I'm not quite sure when the Shrek franchise started to tell the story of my life. Not in 1 or two, clearly (I haven't rescued many princesses or defeated any evil fairy godmothers), but somewhere in Shrek 3, about the moment when Fiona is yelling out to Shrek on the boat leaving the harbor, the movies began to get too close to home. Painful, incapacitating anxiety about fatherhood? Yep, got that one. Nightmares about vomiting babies? That too. And then, Shrek 4. I'd seen it when it came out, right after Helena was born, but yesterday they had it on TV here in Brazil, and it hit hard.

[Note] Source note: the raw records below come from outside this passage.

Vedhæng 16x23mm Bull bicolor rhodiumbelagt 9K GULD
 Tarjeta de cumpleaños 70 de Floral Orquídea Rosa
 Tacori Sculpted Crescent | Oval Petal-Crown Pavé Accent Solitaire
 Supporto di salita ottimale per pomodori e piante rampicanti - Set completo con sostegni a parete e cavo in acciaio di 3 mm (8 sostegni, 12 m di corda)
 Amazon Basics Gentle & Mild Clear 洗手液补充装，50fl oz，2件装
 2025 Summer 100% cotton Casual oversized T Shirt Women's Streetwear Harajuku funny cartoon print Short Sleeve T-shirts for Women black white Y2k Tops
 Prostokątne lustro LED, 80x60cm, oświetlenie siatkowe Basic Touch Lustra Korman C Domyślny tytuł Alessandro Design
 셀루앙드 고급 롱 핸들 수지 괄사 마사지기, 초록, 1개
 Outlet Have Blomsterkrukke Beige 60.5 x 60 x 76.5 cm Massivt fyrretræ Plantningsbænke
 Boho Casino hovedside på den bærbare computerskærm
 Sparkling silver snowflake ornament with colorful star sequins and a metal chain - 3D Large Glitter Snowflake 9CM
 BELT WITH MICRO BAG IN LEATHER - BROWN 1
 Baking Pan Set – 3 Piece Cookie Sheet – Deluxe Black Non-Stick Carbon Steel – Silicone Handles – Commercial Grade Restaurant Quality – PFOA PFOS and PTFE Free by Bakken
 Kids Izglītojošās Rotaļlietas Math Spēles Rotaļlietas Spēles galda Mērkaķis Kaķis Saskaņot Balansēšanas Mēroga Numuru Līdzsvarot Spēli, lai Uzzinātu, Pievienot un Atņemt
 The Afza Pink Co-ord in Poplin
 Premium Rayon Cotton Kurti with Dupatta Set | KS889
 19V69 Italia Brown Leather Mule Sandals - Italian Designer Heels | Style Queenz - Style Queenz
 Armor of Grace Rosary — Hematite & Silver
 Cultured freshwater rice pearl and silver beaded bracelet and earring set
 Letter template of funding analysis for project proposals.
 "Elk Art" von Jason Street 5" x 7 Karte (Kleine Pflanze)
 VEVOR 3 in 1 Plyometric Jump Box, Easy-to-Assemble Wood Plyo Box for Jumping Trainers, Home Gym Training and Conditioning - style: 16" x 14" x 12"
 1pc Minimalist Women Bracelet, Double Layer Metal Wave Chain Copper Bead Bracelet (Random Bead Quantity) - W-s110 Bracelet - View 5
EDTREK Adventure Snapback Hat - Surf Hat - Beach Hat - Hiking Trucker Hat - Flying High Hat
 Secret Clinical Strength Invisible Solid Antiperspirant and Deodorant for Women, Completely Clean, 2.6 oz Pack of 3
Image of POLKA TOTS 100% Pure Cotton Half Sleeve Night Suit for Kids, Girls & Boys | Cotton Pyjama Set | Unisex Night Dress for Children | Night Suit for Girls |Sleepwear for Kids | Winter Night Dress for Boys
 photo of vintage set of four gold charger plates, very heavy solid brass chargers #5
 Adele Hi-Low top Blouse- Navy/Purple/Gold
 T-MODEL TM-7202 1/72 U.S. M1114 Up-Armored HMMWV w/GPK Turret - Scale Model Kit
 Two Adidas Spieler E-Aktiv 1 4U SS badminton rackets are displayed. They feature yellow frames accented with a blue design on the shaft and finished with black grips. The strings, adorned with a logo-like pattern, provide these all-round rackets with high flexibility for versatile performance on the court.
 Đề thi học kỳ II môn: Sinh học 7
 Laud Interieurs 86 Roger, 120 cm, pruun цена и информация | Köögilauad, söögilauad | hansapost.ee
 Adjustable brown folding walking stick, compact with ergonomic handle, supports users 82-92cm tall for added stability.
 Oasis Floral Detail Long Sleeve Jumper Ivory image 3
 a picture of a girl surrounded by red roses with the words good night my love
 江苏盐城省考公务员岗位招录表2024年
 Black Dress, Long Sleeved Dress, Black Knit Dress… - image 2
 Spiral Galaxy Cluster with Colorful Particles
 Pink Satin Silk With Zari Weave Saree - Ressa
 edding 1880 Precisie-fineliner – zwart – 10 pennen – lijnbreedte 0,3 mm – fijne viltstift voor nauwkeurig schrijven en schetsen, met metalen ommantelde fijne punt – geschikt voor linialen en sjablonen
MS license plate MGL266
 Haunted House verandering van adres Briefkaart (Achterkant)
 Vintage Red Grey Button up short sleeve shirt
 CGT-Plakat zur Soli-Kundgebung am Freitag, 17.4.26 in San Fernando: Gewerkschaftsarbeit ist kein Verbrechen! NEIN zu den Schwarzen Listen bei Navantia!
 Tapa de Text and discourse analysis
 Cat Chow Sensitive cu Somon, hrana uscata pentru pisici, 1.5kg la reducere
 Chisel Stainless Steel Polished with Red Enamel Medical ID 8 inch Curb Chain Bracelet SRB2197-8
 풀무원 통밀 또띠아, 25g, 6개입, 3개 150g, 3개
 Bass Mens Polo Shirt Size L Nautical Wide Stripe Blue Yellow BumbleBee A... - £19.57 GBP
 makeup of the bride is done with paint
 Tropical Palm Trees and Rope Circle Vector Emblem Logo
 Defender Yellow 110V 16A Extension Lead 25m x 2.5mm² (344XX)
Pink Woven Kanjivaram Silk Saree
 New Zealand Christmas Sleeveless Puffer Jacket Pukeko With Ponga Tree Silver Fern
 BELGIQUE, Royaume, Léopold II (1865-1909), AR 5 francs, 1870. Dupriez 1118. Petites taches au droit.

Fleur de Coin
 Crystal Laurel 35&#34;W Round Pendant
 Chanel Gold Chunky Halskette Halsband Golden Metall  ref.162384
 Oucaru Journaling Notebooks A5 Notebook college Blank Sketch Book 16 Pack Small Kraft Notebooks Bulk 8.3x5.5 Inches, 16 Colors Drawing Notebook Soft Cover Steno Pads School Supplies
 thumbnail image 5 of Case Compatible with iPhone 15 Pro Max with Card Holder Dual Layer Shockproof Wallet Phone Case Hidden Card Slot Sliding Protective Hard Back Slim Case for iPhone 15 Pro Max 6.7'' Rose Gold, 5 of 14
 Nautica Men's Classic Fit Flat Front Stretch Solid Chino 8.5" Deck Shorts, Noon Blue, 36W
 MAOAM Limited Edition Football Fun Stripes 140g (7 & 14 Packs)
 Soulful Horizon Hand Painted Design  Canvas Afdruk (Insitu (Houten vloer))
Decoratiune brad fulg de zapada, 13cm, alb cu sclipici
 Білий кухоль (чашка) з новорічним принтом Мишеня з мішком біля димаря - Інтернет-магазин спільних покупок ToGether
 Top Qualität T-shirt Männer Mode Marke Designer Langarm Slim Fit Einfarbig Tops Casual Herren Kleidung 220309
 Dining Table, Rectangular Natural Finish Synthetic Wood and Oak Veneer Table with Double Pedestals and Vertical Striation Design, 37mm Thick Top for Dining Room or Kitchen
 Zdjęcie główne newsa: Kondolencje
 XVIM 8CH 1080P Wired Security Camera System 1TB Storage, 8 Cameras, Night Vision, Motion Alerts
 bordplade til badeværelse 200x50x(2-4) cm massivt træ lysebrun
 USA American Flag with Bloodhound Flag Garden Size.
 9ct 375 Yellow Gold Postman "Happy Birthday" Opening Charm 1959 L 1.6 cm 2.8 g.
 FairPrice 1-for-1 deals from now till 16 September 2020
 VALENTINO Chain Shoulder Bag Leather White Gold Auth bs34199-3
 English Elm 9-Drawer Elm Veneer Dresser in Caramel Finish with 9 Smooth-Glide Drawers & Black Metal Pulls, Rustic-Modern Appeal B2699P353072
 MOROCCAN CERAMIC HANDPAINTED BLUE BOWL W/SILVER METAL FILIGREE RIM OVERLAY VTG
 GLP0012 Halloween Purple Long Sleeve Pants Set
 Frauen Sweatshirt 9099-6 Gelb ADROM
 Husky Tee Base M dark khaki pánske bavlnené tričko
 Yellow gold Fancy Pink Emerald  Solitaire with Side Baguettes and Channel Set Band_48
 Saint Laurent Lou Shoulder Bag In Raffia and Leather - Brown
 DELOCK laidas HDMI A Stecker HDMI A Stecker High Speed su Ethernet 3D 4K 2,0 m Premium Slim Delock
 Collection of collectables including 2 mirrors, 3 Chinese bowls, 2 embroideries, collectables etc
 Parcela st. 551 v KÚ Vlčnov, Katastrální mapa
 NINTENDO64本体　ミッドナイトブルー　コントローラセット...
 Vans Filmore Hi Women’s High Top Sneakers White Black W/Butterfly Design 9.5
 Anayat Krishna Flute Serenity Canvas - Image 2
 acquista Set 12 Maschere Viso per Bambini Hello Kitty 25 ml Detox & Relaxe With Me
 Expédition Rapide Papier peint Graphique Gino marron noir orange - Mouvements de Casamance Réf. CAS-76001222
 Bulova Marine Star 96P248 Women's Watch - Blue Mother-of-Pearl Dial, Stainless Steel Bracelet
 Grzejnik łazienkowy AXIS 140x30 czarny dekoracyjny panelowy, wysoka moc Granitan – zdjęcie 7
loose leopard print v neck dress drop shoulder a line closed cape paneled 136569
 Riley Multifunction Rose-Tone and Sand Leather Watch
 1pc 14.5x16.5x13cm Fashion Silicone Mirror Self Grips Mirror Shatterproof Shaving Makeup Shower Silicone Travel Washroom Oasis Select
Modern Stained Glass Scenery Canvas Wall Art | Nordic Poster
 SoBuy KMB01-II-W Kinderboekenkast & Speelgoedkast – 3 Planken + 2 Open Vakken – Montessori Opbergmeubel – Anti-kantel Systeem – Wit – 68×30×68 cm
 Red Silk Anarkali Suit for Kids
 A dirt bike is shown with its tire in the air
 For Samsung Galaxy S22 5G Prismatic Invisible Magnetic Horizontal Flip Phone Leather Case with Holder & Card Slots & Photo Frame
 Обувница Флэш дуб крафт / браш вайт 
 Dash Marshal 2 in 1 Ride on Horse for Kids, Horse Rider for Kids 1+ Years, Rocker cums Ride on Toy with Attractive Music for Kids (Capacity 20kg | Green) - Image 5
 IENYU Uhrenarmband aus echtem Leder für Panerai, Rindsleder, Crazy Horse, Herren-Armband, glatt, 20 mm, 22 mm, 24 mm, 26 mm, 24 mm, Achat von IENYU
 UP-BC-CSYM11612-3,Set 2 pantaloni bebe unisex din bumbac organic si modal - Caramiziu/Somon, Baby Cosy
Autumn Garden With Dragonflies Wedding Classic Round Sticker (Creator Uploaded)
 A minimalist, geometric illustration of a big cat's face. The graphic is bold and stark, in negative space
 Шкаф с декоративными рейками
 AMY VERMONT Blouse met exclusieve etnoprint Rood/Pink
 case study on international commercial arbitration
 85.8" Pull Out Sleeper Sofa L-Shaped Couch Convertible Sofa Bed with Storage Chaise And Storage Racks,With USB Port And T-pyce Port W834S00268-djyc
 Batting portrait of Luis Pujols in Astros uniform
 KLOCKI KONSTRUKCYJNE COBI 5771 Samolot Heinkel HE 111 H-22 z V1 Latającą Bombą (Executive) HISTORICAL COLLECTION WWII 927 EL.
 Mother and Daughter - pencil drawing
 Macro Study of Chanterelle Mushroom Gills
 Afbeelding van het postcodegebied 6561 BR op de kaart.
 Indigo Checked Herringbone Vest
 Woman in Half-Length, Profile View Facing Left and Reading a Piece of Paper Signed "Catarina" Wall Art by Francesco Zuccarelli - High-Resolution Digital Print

The plot line is pretty amazingly complex, and I found myself explaining what was going on to Helena and her cousin more than a few times. Family is great for Shrek... except that all of those good parts repeat and repeat and repeat and repeat, ad nauseum. (Literally, in fact, given the tendency of the little ogres to throw up on their parents) Family life, for all of its charm, has become meaningless. Finally, Shrek explodes at a birthday party: he longs for his old life of adventure and violence, when the villagers would hunt him with pitchforks and he would destroy them with strength and fear.
Been there, done that. OK, not the nostalgia for violence and pitchforks, but in the first years that Helena was with us, I could only remember the wonder of climbing so high in the Andes that I couldn't breathe, hiding behind concrete walls in Medellín so that bullets wouldn't hit me; lonely nights camping in the jaguar preserves of Central America or hitching across northern Colombia with drug traffickers. From the outside, why would these sort of things inspire nostalgia? They seem as miserable as Shrek's lonely life in the swamp. But that kind of a life breeds stories worth telling. When you look back, it seems adventuresome and meaningful and special, while the day-to-day pleasures and pains of caring for a child, as wonderful as they are at that moment... they don't make for epic narrative. The Iliad, as far as I know, includes no scenes of changing diapers. Or of making faces at a baby and sharing a joyful first laugh.
Shrek thinks he has found a solution, or at least a break, when the evil Rumplestiltskin gives him the chance to go back to his old life in exchange for "one little day, one you don't even remember" of his life. That day, of course, is the day Shrek was born. By losing that day, all of history will change, and Rumplestiltskin will be king. Shrek has to re-conquer Fiona, overcome the evil King... but the more important struggle is to see that "You don't know what you got till it's gone." Only from the outside, from the perspective of loss, can he see the wonder of his family. And, in the process, the experience becomes a story, worthy of being told, being filmed, being proud of.
Helena liked the movie. It's funny, it's well animated. But the moral of the story isn't for her. It's for me, and for fathers and mothers like me. A simple moral, I suppose (even an 80s heavy metal ballad I remember from hight school includes the lyric "You don't know what you got till it's gone" (followed, melodramatically by "Every cowboy sings the same, sad song"). But as a wonderful philosophy professor of mine once told me, "Truth of it is, most important things that philosophers say, everyone already knows them. Not clever, not worth a huge book and a tenured job. But we should still say them, again and again."